▶ [WHAT THIS TASK INVOLVES] Can you copy out the data exactly? Leave the images out.

▶ [DATASET EXTRACT]

────────

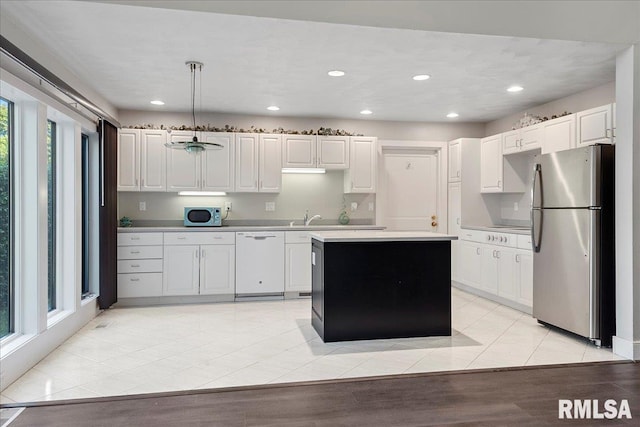 kitchen with light wood-type flooring, white cabinetry, sink, decorative light fixtures, and stainless steel appliances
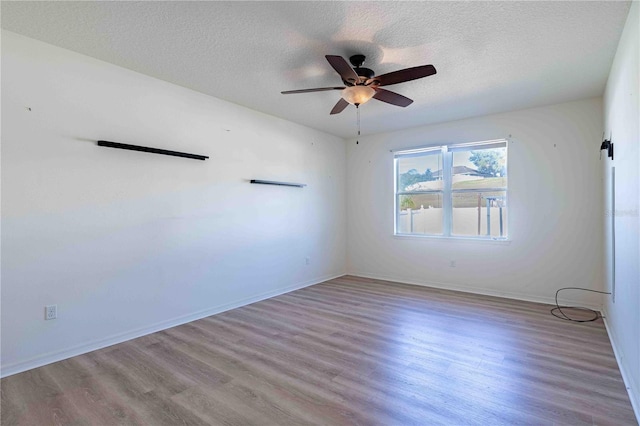 unfurnished room featuring ceiling fan, light hardwood / wood-style flooring, and a textured ceiling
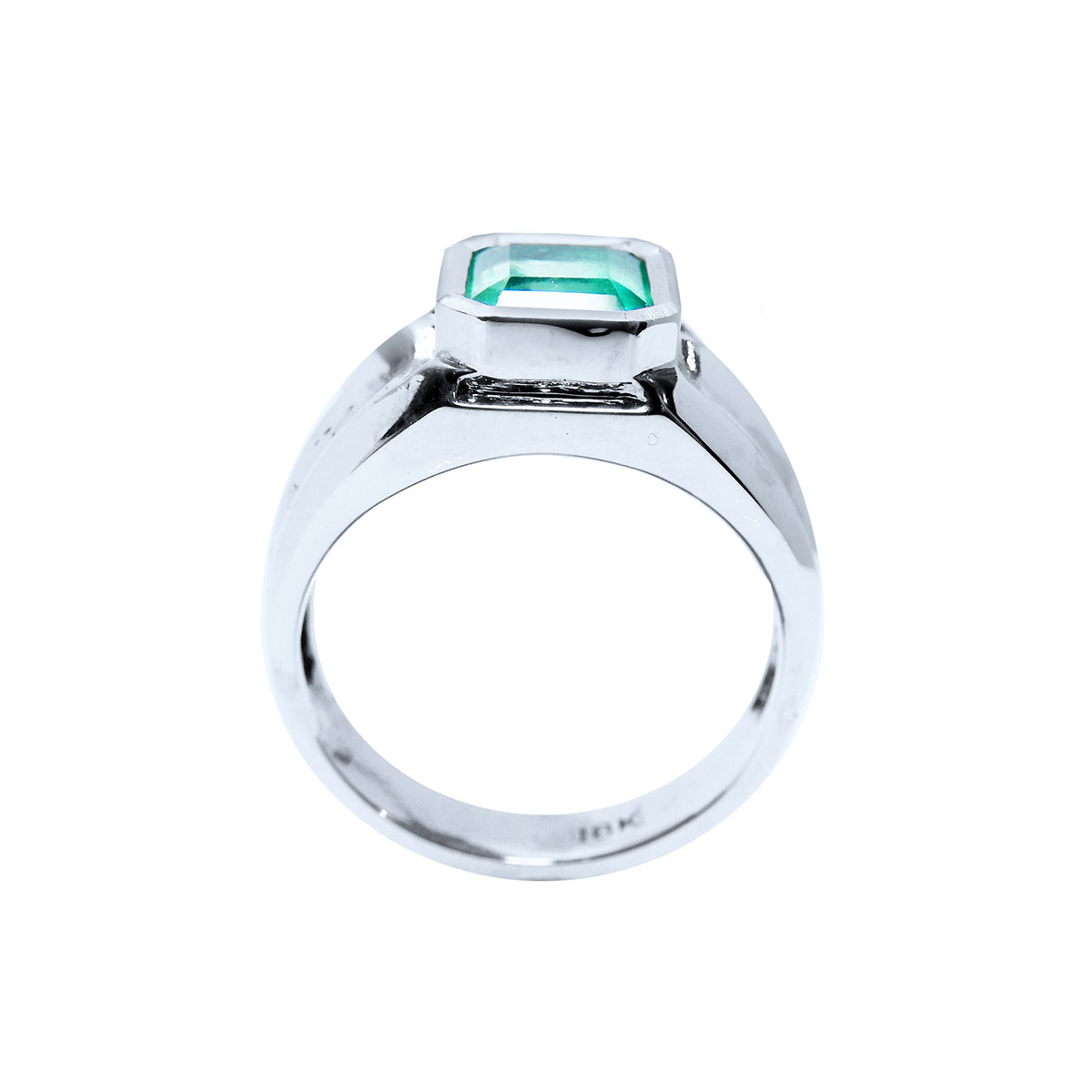 A lateral view of a white gold mens emerald ring displaying its top setting and band design.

────────

▶ [TASK RESULT]
 kitchen with light wood-type flooring, white cabinetry, sink, decorative light fixtures, and stainless steel appliances
 unfurnished room featuring ceiling fan, light hardwood / wood-style flooring, and a textured ceiling
 A lateral view of a white gold mens emerald ring displaying its top setting and band design.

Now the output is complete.